Unleashing a billion abilities
December 01, 2022
December 01, 2022
When I talk to my peers in industry about inclusion initiatives at their organizations, there is more awareness than ever before, about the need to make workplaces welcoming for people with disabilities.
That may sound heartening, but let’s take a moment to balance it against reality. World Bank data reveals that 1 billion people around the world have a disability of some kind, and sadly, unemployment among people with disabilities can be as high as 80% in many countries.
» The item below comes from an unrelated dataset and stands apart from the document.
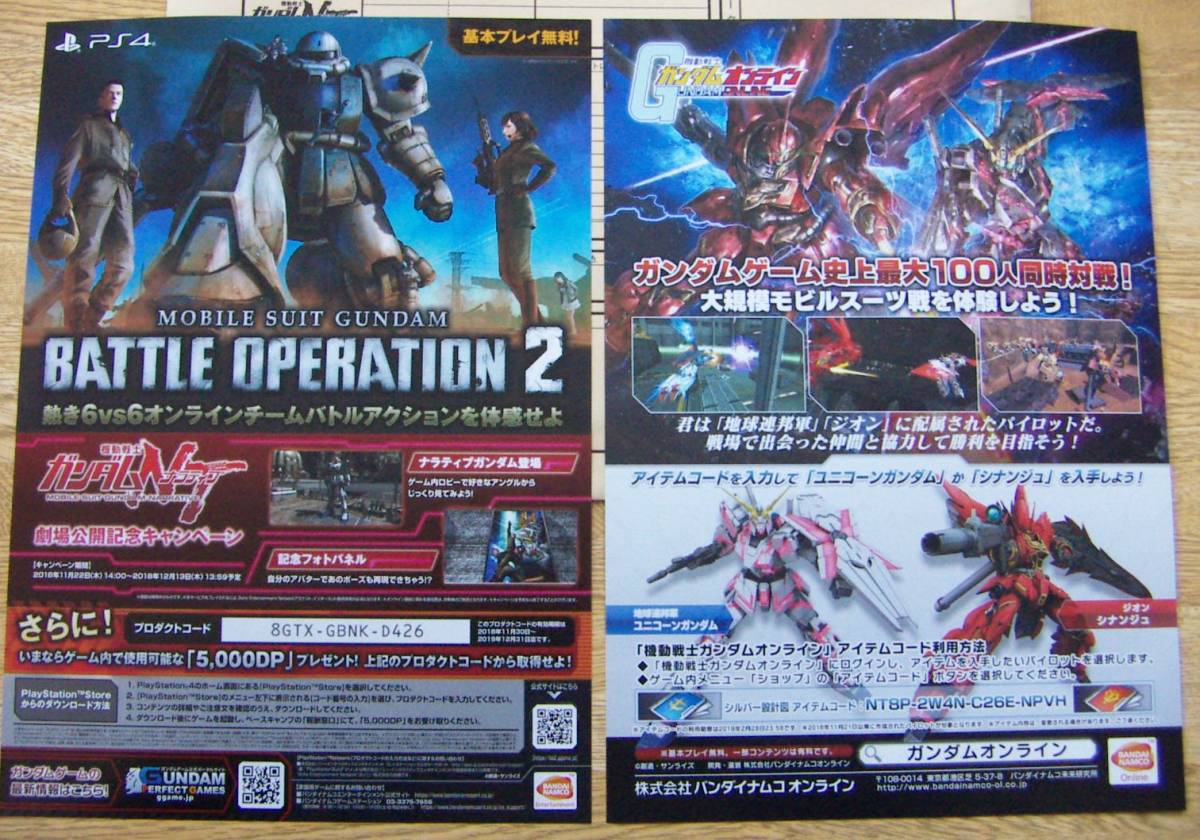     原文:【送料185円～】 機動戦士ガンダムNT 入場特典複製原画セット（ヨナ＋ネオジオング）ナラティブ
When I consider these numbers, I am reminded not just of the loss of opportunity to these individuals, but of the tremendous loss of human capital to industry and to societies at large. An Accenture study with 1748 senior leaders across countries (675 of them with a disability) revealed that companies led by executives focused on disability engagement were actually growing 2.9 times faster on sales and 4.1x on profits, when compared to their peers.
Clearly, this is human capital that the world needs to embrace, and while many organizations have good intentions when it comes to people with disabilities, we need more.
These intentions need to be backed up by appropriate policy, adequate resourcing, tech-enabled execution, and most importantly, an organizational culture that supports such inclusion.
At Accenture, that has meant including measures such as:
We also realized that it’s not always easy for people with disabilities to find the right fit when it comes to such enablement. That led us to create a global platform for Reasonable Accommodation requests in 2020, which employees with disabilities now use to request for assistive technology, transportation or workplace modifications.
Another big idea has been the creation of Accessibility Centers at Accenture, an idea that was born when an employee in the Philippines who was hard of hearing, had to try on 30 different headsets before she could find the right one. Today, 32 such Accessibility Centers in Accenture offices around the globe, including one in Bangalore, help employees to find the right assistive technology for them.
Furthermore, the Activation Center offers a wide range of specialized services to help clients strategize, design and build inclusive applications to address accessibility-related challenges that they see at their organizations and help them become inclusive, thereby try and effect exponential change all around us.
If this seems like a diverse range of measures – that’s because disability itself is a spectrum covering a range of visible as well as invisible disabilities. Hence, organizations need to develop a holistic understanding of disability, which enables us to support and benefit from the widest range of people, all bringing their best at work.
So, while a few of our initiatives like ‘Inclusive Internship Program’ and ‘Aarambh’ aims to bridge the disability employment gap at the entry level with a dedicated hiring program, ‘Abilities Unleashed’ works to leverage strengths and build leadership skills for people with disabilities who are already at work and need such mentoring to thrive.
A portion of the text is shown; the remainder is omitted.